Arriving with a few suitcases, a diplomatic passport, and a mission to rebuild the diplomatic office of the British High Commission in Antigua and Barbuda five years ago, Lindsy Thompson will soon leave the island with valuable memories.

The Resident British High Commissioner arrived in October 2019 with a wealth of experience gained as Consular Regional Manager for East Africa and the Indian Ocean, postings in Belgium, Sierra Leone, and the UK’s Yemen Office in Saudi Arabia.

She would have seen it all in the nearly 21 years she has worked at the Foreign, Commonwealth and Development Office, FCDO, the United Kingdom’s foreign affairs department.

And yet as she packs her bags — more accurately the crates filled with memorabilia, she looks back warmly on her final week serving as a diplomat in her “second home”.

“One thing I would say about this posting, yes, it’s one of the most beautiful places in the world and probably the most beautiful place I’ve ever lived, but the thing that’s made this posting so rewarding and the highlight of my 21-year career in diplomacy is its people,” she said in an Observer AM interview yesterday.

In 2019, there was not an official residence for the Resident British High Commissioner; the last one was in 2007, located on Old Parham Road, prior to the 2008 Financial Crisis.

Thompson was among many diplomats deployed to serve in Commonwealth nations following then UK Foreign Secretary Boris Johnson’s intention to expand the country’s diplomatic missions.

“He wanted to expand our network, and quite rightly, so when my ministry was looking at where do we expand to, naturally we thought of our friends in the Commonwealth, and Antigua and Barbuda was one of the 12 new missions we opened,” she recalled.

Throughout her tenure, High Commissioner Thompson has overseen many projects financed via the British government.

The Chevening scholarship programme, the ‘Resident British High Commissioner for a Day’ initiative, the UK-Caribbean infrastructure programme and the work with the Ministry of Blue Economy were among the projects she takes most pride in.

“Antigua and Barbuda is the first country to have a Maritime Economy Plan in the region that is UK funded through the Commonwealth.

“So that’s a blueprint of how this great nation can harness its natural treasures and make it work for itself in a sustainable way,” she remarked, noting the rollout of an aquaponics project for persons who are differently abled.

She was immensely impressed by the work done in collaboration with the National Parks Authority, describing their tactful navigation of the murky waters of British bureaucracy as “a fantastic job”.

“We’re very proud to have supported them in a number of initiatives from refurbishment work to their historical archives, the very important 8th March project … and also a pilot project about photovoltaic tiles,” she remarked.

High Commissioner Thompson’s next foreign service deployment is believed to be in April  to the Pitcairn Islands — a small volcanic outcrop island in the South Pacific, home to around 50 persons and is a British Overseas Territory.

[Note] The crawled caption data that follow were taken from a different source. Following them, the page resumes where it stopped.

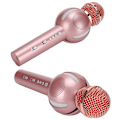 Pikkukuva 5 / 8: Monitoiminen Bluetooth-langaton mikrofoni puhelimeen karaokeen (ruusukulta)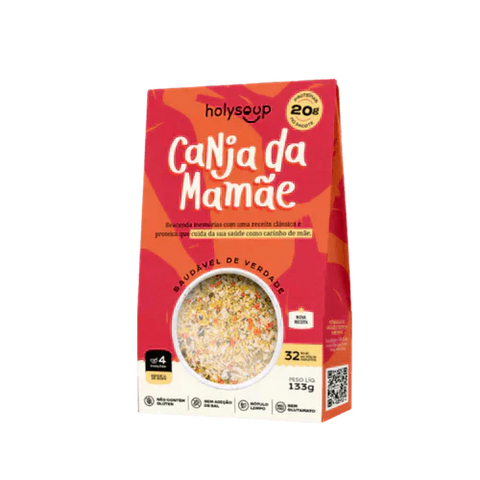 Canja da Mamãe Holy Soup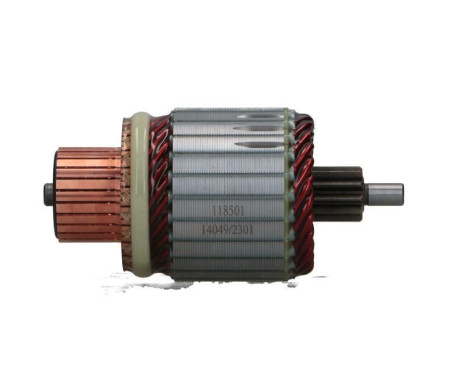 Ankare, startmotor +Linje vald, bild 4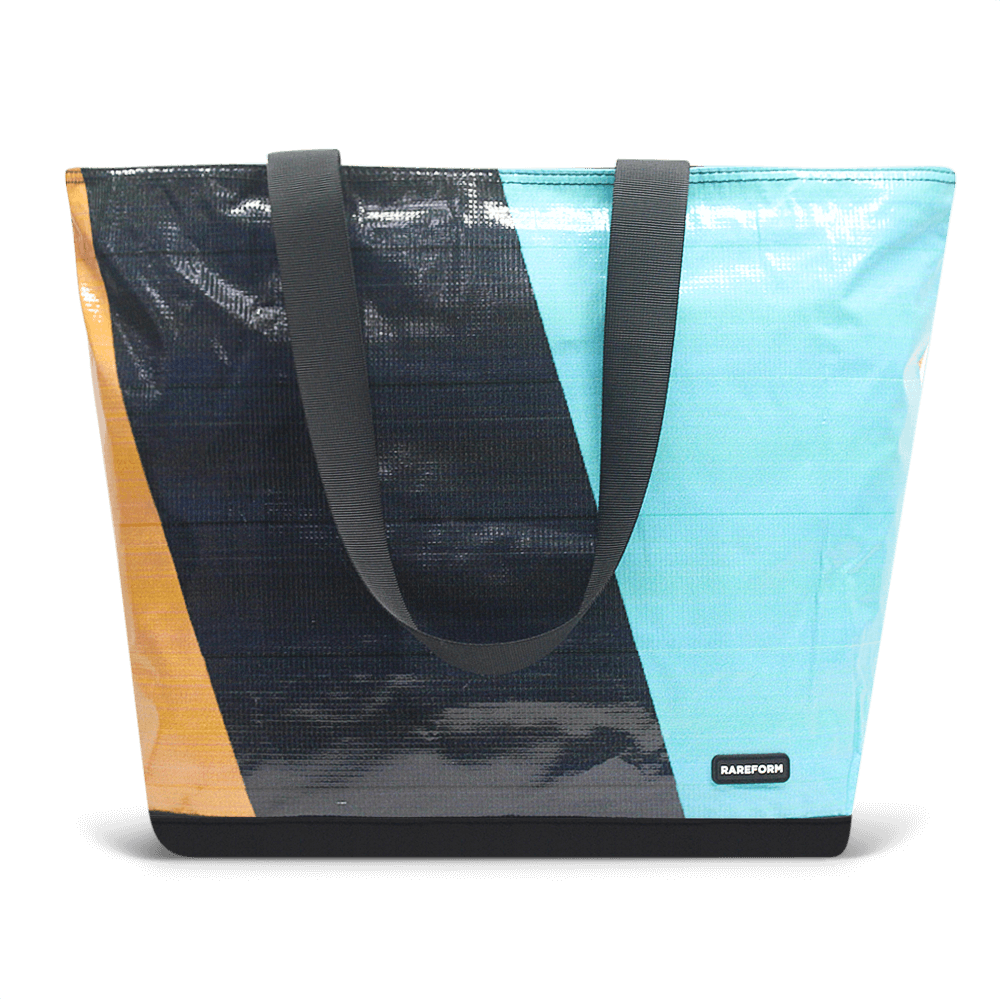 Zippered Blake Tote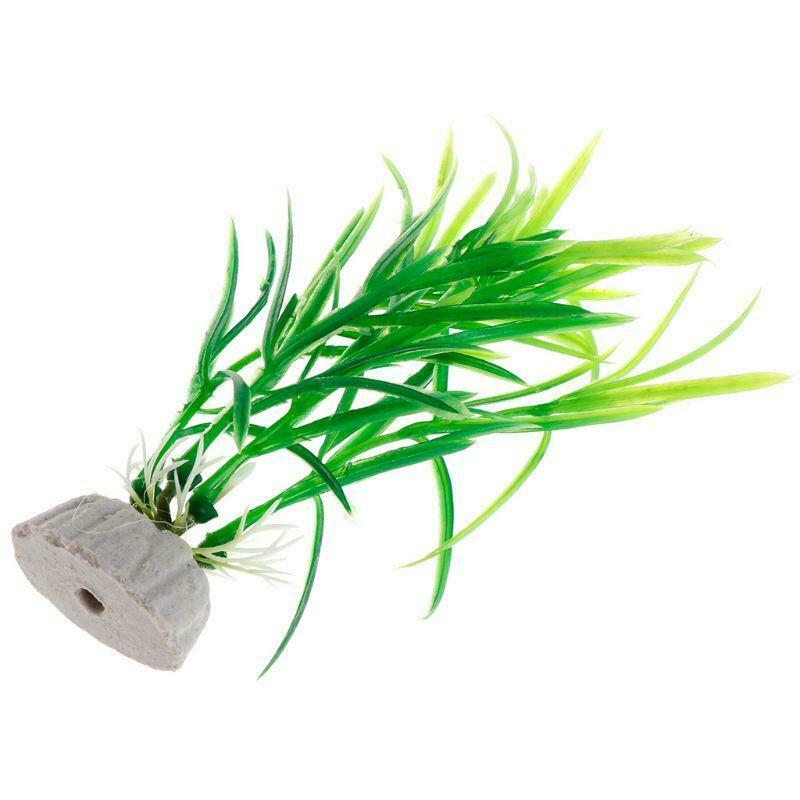 Fish Tank Decoration Short Paragraph Lucky Bamboo Artificial Water Plants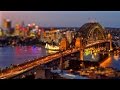 Tiny Sydney 4K Tilt Shift Timelapse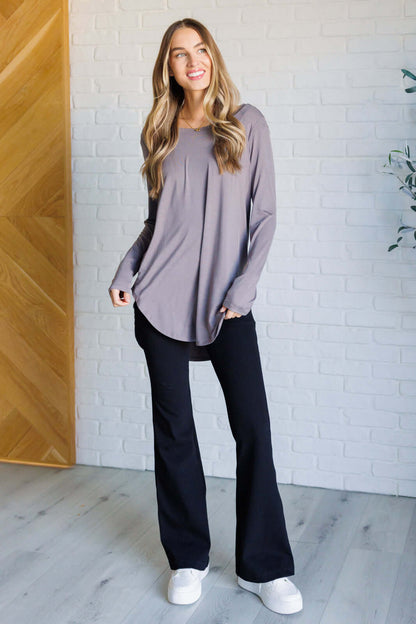 Comfortable Long Sleeve Top for Self-Care - Cozify Apparel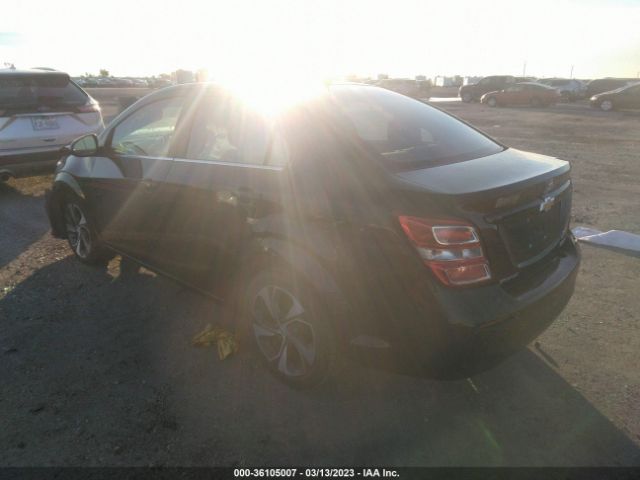 Chevrolet Sonic Premier 2019 1G1JF5SB8K4122057 Image 3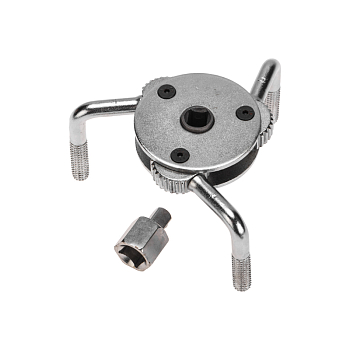 Съемник масляного фильтра Краб, 65-110мм, прямые захваты REXANT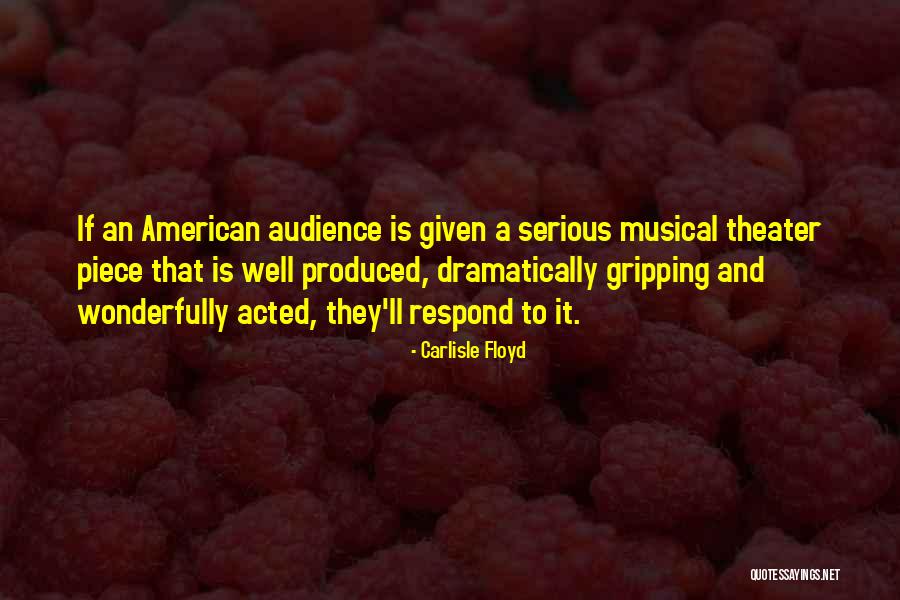 Abbas Al Mussawi Quotes By Carlisle Floyd Abbas Al Mussawi Quotes By Carlisle Floyd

Meanwhile, her successor John Hamilton has already met with Antigua and Barbuda’s High Commissioner to the UK, Dr Karen Mae-Hill.

Thompson said Hamilton will enter the job with his own ideas for the position.

“This is a long-term relationship that we’re having between our two nations … so my successor, John Hamilton will continue the great work, he will have his own ideas … and it’s always good to have different perspectives, but those core projects and core relationships: respecting democracy, respecting human rights and rule of law will continue,” she said.